Alonso donosił na McLarena?!
Na początku weekendu Grand Prix Włoch pojawiły się nowe dowody w aferze szpiegowskiej. Liderom mistrzostw świata znowu grozi dyskwalifikacja, a informacje obciążające McLarena pochodzą ponoć od kierowcy tej ekipy! - pisze "Przegląd Sportowy".
Przypomnijmy, że kilka miesięcy temu w Formule 1 wybuchł wielki skandal. Inżynier Ferrari został oskarżony przez swojego pracodawcę o sabotaż oraz przekazanie tajnej dokumentacji technicznej koledze z McLarena.

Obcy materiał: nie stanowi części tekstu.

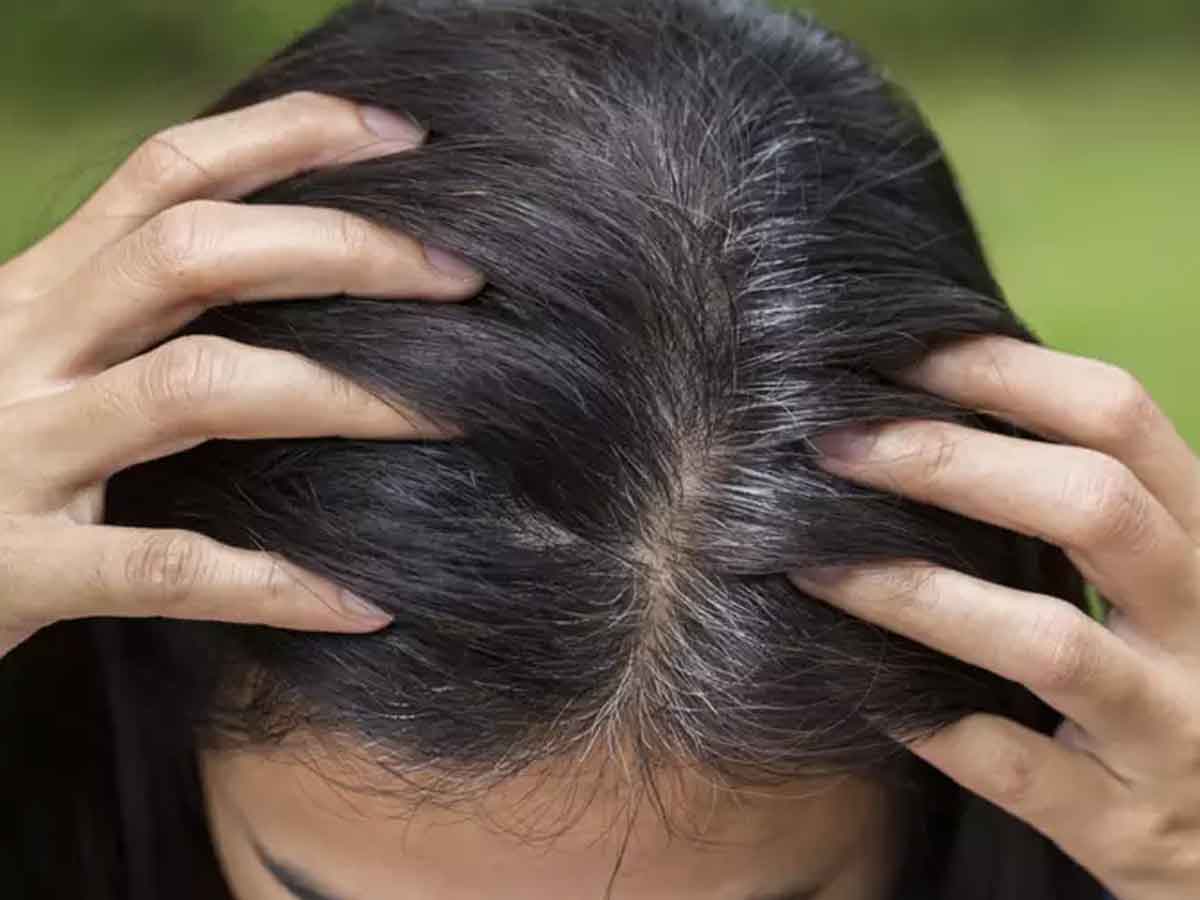 ఒత్తిడితో తెల్లటి జుట్టుకు ప్రత్యక్ష సంబంధం : తేల్చిన పరిశోధకులు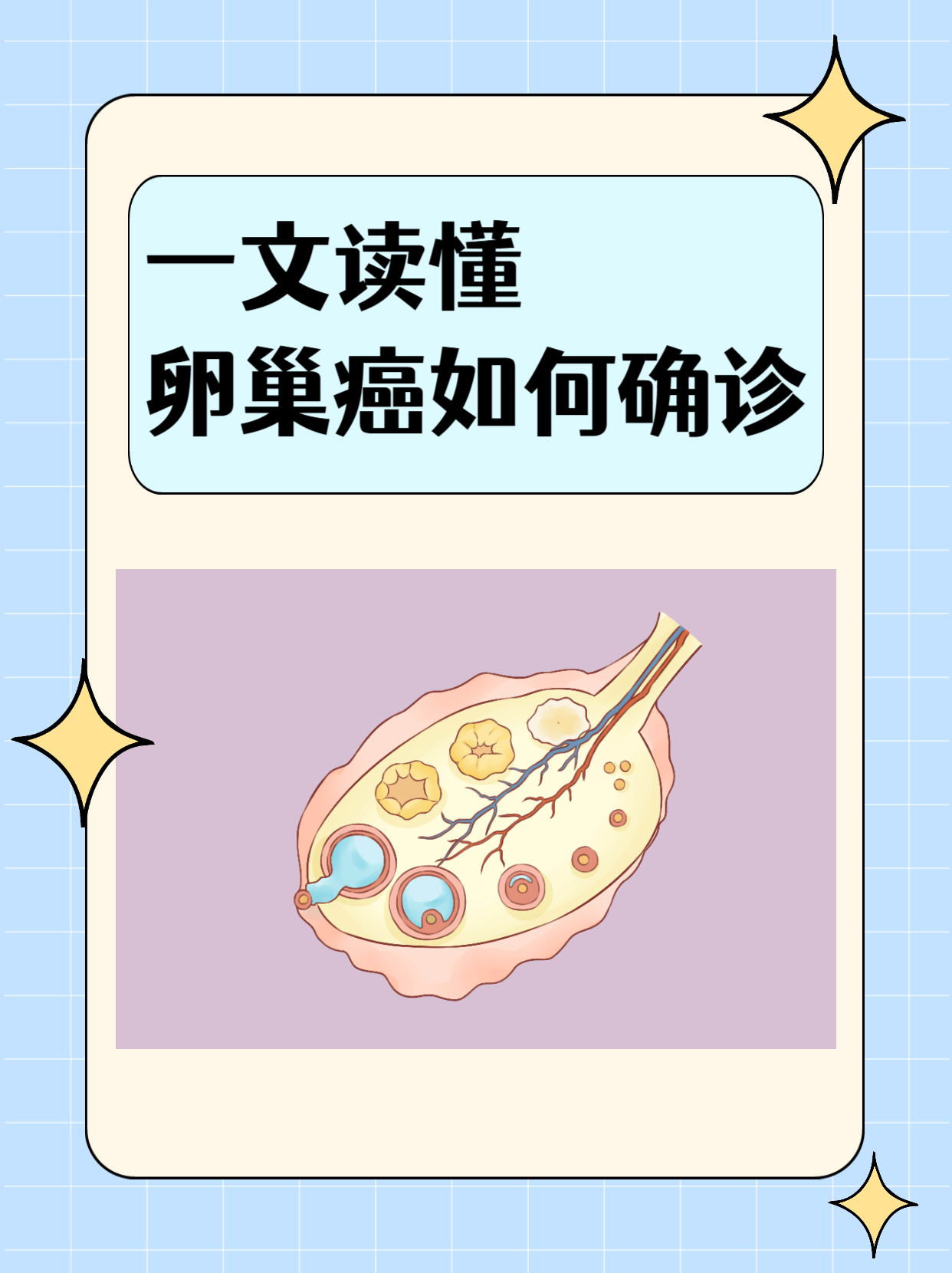 得了卵巢癌能彻底治愈吗?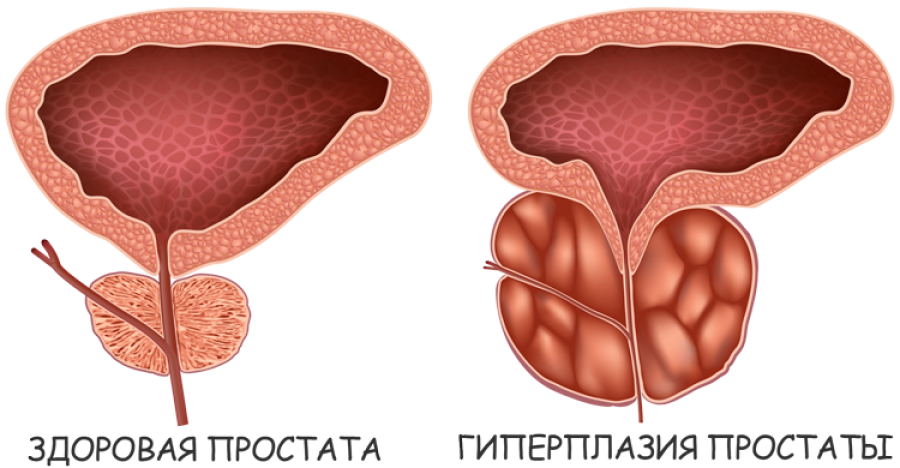 простата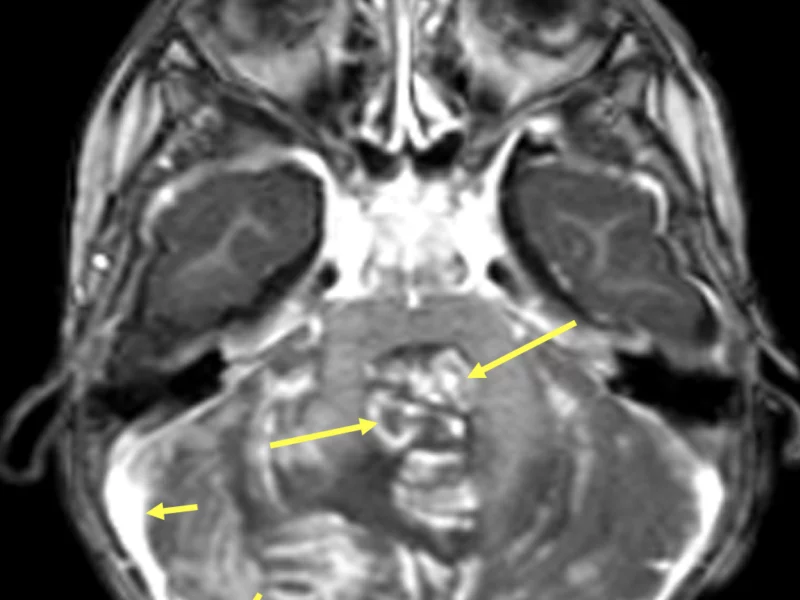 C. Axial T1 image post-contrast at a level inferior to (A) and (B) shows heterogeneous enhancement (long arrows) and a subdural fluid collection (short arrows), possibly related to ventriculostomy placement.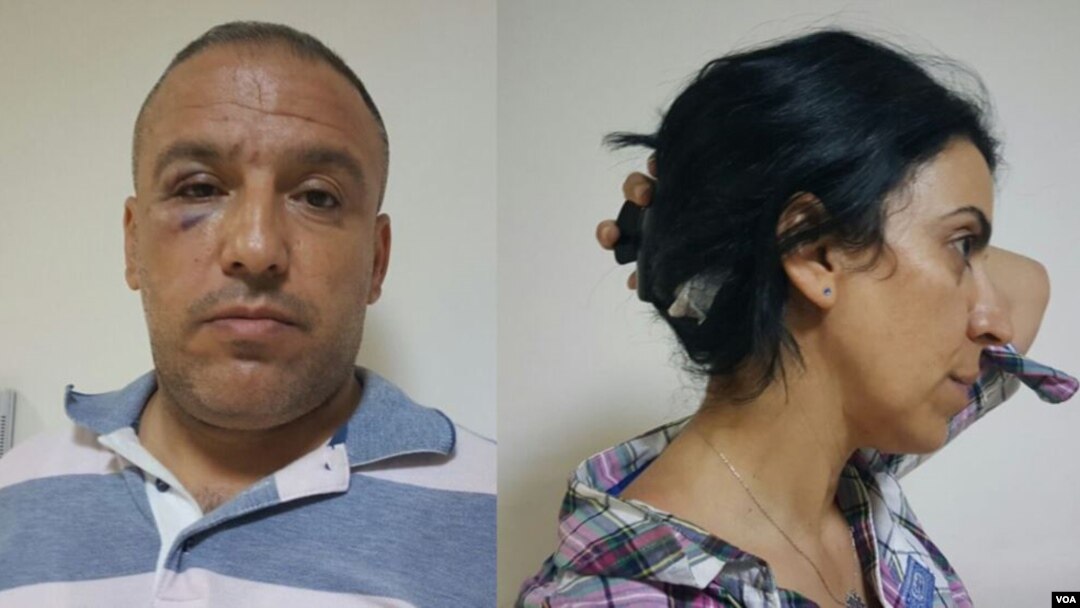 VOA Turkish's Mahmut Bozarslan (L) and VOA Kurdish's Hatice Kamer (R) reported being attacked in Midyat, Turkey, June 8, 2016.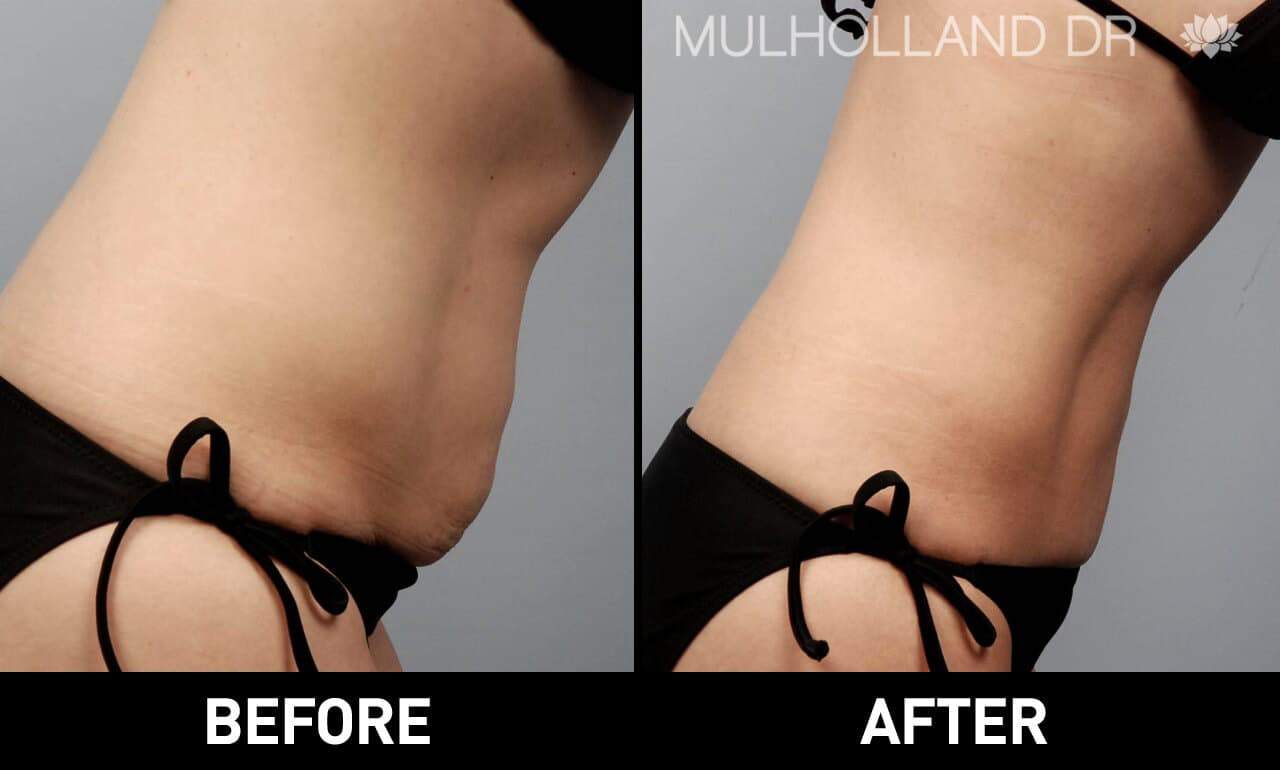 Liposuction -Before and After Gallery - Patient Photo 3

Właśnie te ekipy rywalizują o tytuł mistrza świata, więc walka z torów przeniosła się do sądów. W celu rozpatrzenia kontrowersyjnej sprawy FIA powołała Światową Radę Sportów Motorowych. Ta uniewinniła brytyjski team. Sędziowie zastrzegli jednak, że w razie ujawnienia nowych informacji, dochodzenie zostanie wznowione. Tak też się stało. Podobno obciążające dowody przekazał niedawno federacji... jeden z zawodników McLarena!
Już wcześniej szefowie Ferrari złożyli protest. Twierdzili, że komisja nie przyjęła ich pełnych zeznań w tej sprawie, a ponadto w trakcie przesłuchania przedstawiciele McLarena otwarcie przyznali się do złamania jednego z punktów regulaminu sportowego. Już sam fakt, że ich pracownik posiadał jakiekolwiek dokumenty pochodzące od konkurencji zasługiwał na karę.